What carries the film is the character profiles and excellent visual
qualities. The characters reflect their environment: cold, stark, and
generically plain. Physical spaces are large, vast areas of empty isles,
huge rooms, fluourescently lit sterile environments - just like the
people. In a sense, nothingness. Yet, there is a lot underneath. And
this is where the film's lesser quality comes in.
The characters lack is a sense of depth. Psychotics are more interesting
when we know their history - we don't know anything about Sy's past,
and the notion that he has none takes away more than it adds. There
are other conflicts that go untested, which also leaves a sense of
incompleteness. (We don't need "resolution", just a sense that an issue
is addressed.) For all the empty vastness of the movie that symbolizes
Sy's profile, it's a perfect time to add a tiny drop of black paint on
a vast white canvas: show something that gives us history. Many of Sy's
pivotal plot-turning acts are done more for symbolic effect rather than to
guide the plot along, and are therefore left with question-marks over the
audience's collective head. Why would he do certain things? He's supposed
to be cold and calculating, but some of his actions are anything but.
One Hour Photo is almost more of an artsy film than a mainstream one,
and in that genre, these concerns really needn't be addressed to satisfy
its target audience. In the end, I loved the film, and all its qualities,
despite my desire for more character development.

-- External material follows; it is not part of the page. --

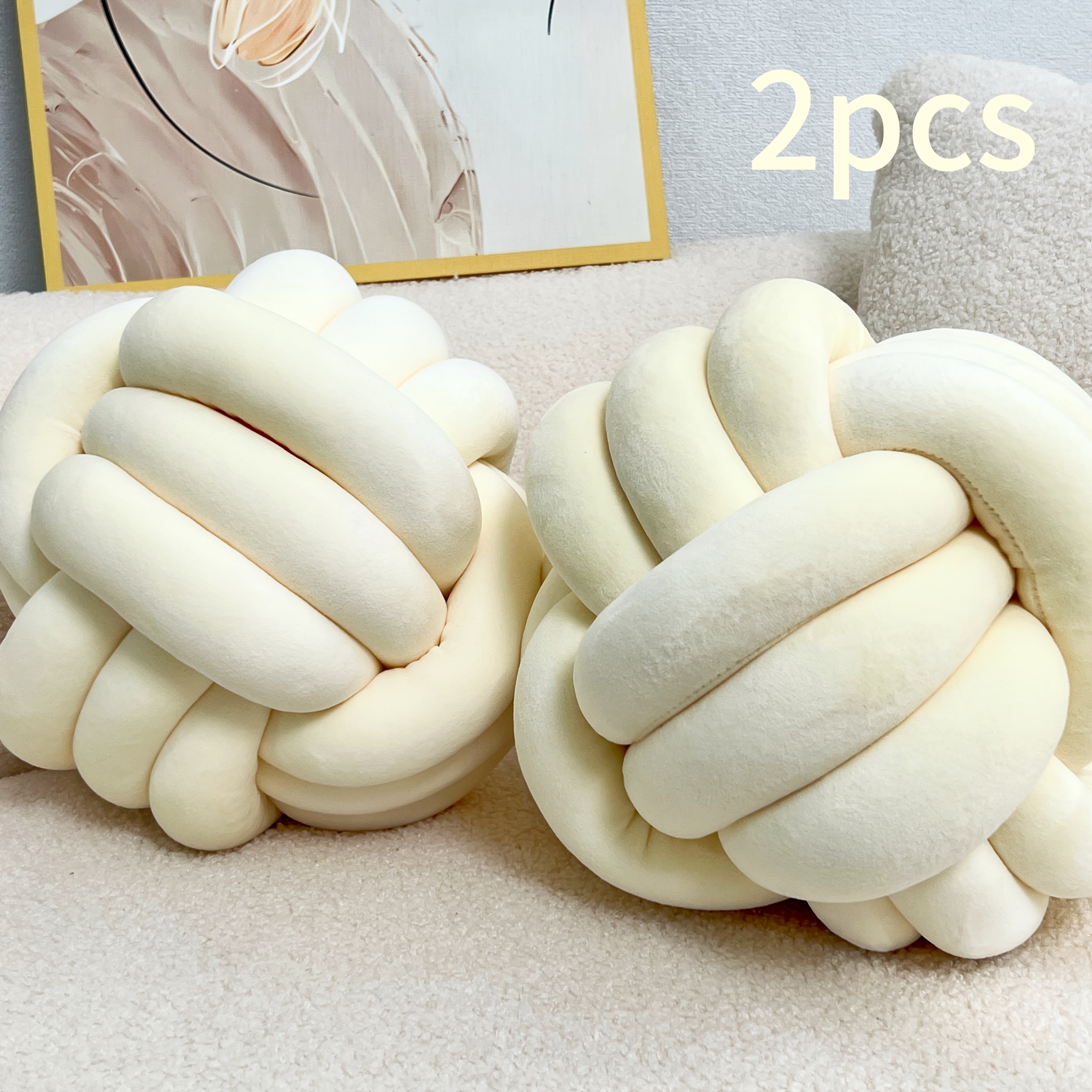 2pcs Round Knotted Throw Pillows - Plush Geometric Pattern Relax Cushions, Machine Washable Soft Decorative Pillows for Bed Sofa Bedroom Decor, All-Season Home Accents, Pillows for Couch, Minimalist Style, Seamless Stitching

This is Robin Williams' third film of 2002, all of which feature him as
a psychotic. But it's this role that is probably the most dramatic and
believable. What makes it even better is that you almost forget it's him
soon after the movie begins. For an actor as easily type-cast as Williams,
this marks a notable step forward in the breadth of his work.
The movie was written and directed by Mark Romanek, most known for music
videos; most prominently, Madonna's 1999 video collection. This is his
first film, unless you want to count his indie-effort, Static, in 1985,
which didn't get very much attention. In One Hour Photo, Romanek uses
techniques very reminiscent of Stanley Kubrik - with the ultra-wide-angle
symmetry shots, long, quiet scenes, and dramatic pauses between lines
to achieve a sense of suspense and psychological drama.